«Pour fixer les populations, développons l’agriculture africaine !»
Tribune par Abbas Jaber, publiée dans Le Figaro le 04/06/2018
«Pour fixer les populations, développons l’agriculture africaine !»
Tribune par Abbas Jaber, publiée dans Le Figaro le 04/06/2018
Les images de milliers de femmes, hommes et enfants risquant, tous les jours, leur vie pour traverser terres et mers et arriver en Europe sont insoutenables.
Si l’Europe ne peut évidemment pas, selon la formule célèbre, «accueillir toute la misère du monde», elle ne peut pas non plus se contenter de détourner les yeux de ce spectacle et fermer ses frontières sans participer à l’élaboration de solutions réalistes et constructives.
L’Afrique est, dans le même temps, un continent riche qui a deux atouts majeurs pour s’en sortir: son dynamisme et la jeunesse de ses peuples (près de 380 millions de personnes entrant sur le marché du travail d’ici à 2030) et la richesse de ses terres (65 % des réserves foncières disponibles mondiales).
Les solutions existent donc. Et il s’en faudrait de peu pour que la tendance s’inverse et que les aspirants à l’émigration estiment jouable, voire avantageux, de rester au pays et non plus d’émigrer. Alors que faire, et quelles sont ces solutions?
L’une des clés du problème est de revitaliser, restructurer et développer les filières agricoles locales qui sont aujourd’hui exsangues mais dont le potentiel est extraordinaire. Ici, l’idée simple est d’aider les jeunes d’Afrique qui le souhaitent à se fixer sur leurs terres et à y obtenir un niveau de vie supérieur à celui qu’ils auraient eu s’ils avaient tenté l’aventure, risquée, de l’émigration.
Cette démarche suppose une remise à plat et une réforme des mécanismes de soutien des États africains à leur propre agriculture. Elle suppose, pour les États européens, de travailler main dans la main avec eux à la création d’infrastructures pérennes (routes, écoles, centres de soins), à la mise en place de cadres (juridiques et fiscaux) plus rassurants pour les investisseurs et, surtout, à la fourniture d’énergie et de crédits à un meilleur marché (les fondamentaux en Afrique n’ont jamais été aussi bons ; les cours des matières premières agricoles sont au plus haut et vont certainement le rester ; l’eau et la main d’œuvre abondent ; mais l’énergie chère et le loyer de l’argent sont, aujourd’hui, des obstacles au décollage du continent !).
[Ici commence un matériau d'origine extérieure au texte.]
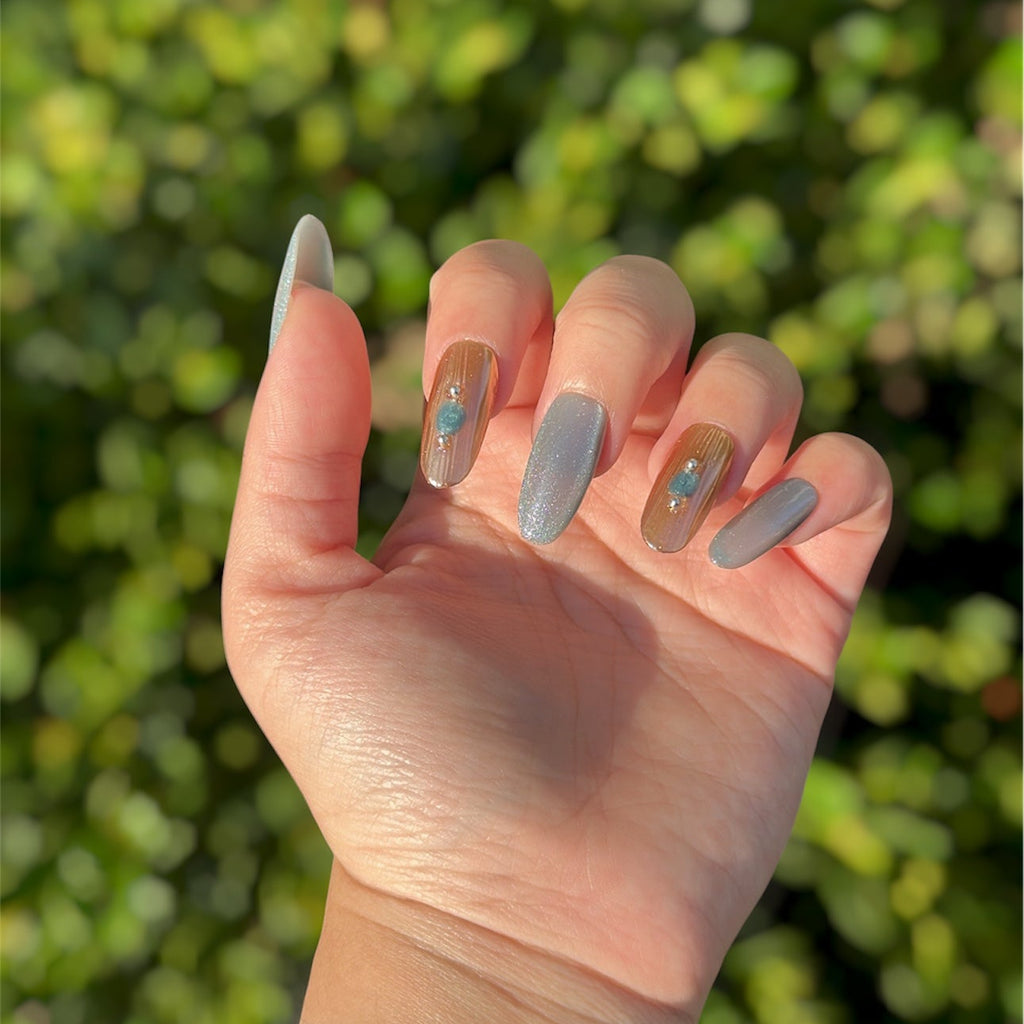 Champagne Opaline Eclipse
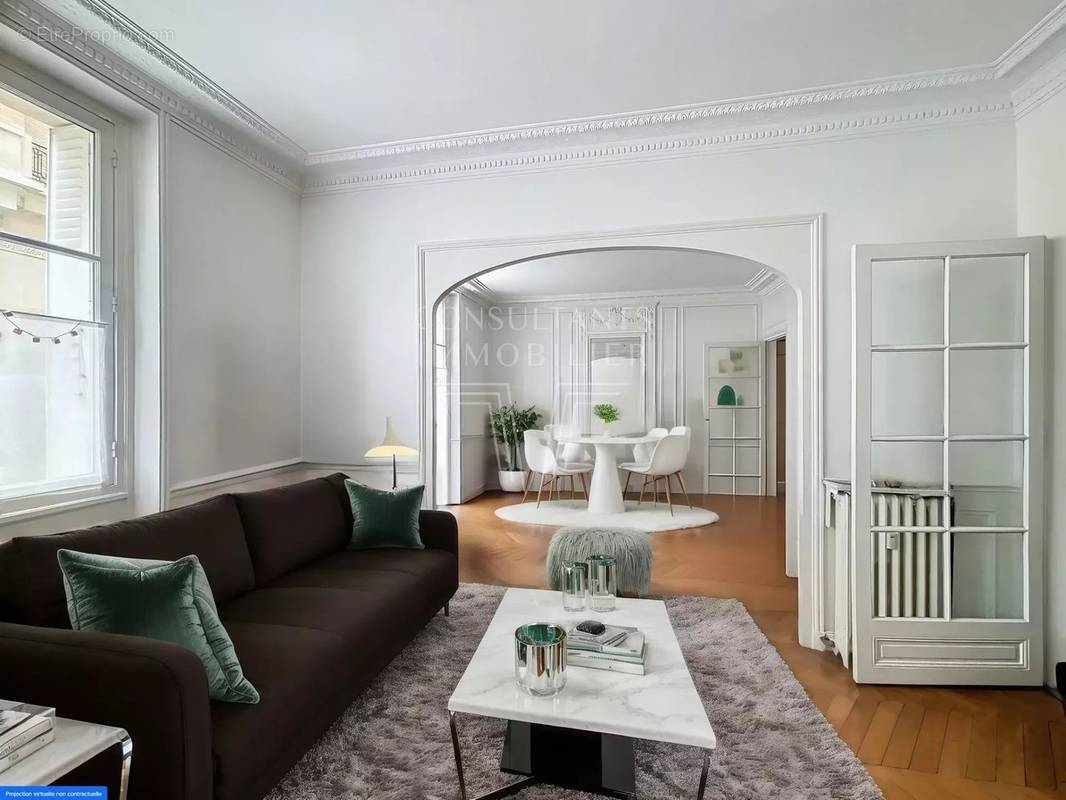 Appartement à NEUILLY-SUR-SEINE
Mais cela suppose, surtout, des entreprises qui comprennent l’enjeu et promeuvent, dans les bassins agricoles et au-delà, un petit entrepreneuriat créateur d’emplois, faisant sa part à la culture vivrière et permettant à ceux qui le souhaiteront de rester dans leurs pays.
L’idée concrète que lance aujourd’hui l’association « Patrons Sans Frontières » est de créer une nouvelle structure qui regroupera tous les acteurs: les gouvernements, les représentations diplomatiques, les entreprises européennes implantées en Afrique, ainsi que les entreprises africaines présentes dans les secteurs clés.
Cette structure recevra, étudiera et traitera les projets entreprenariaux. Elle garantira, grâce à ses entreprises adhérentes, et à l’intérieur des filières intégrées existantes, un nombre d’emplois minimum à ces candidats. Elle encouragera, dans les zones cotonnières notamment, la création de petites exploitations agricoles modernisées de quelques hectares dont une quote-part sera impérativement réservée aux candidats.
Parce qu’il faut un à deux ans pour devenir un agriculteur professionnel et autonome, et que les centres de «rattrapage à la formation» ne sont rentables qu’indirectement et à moyen terme, les entreprises adhérentes au projet solliciteront le soutien d’organismes financiers de développement (AFD, BEI, BPI…) ainsi que des organismes de l’Union européenne et des États africains.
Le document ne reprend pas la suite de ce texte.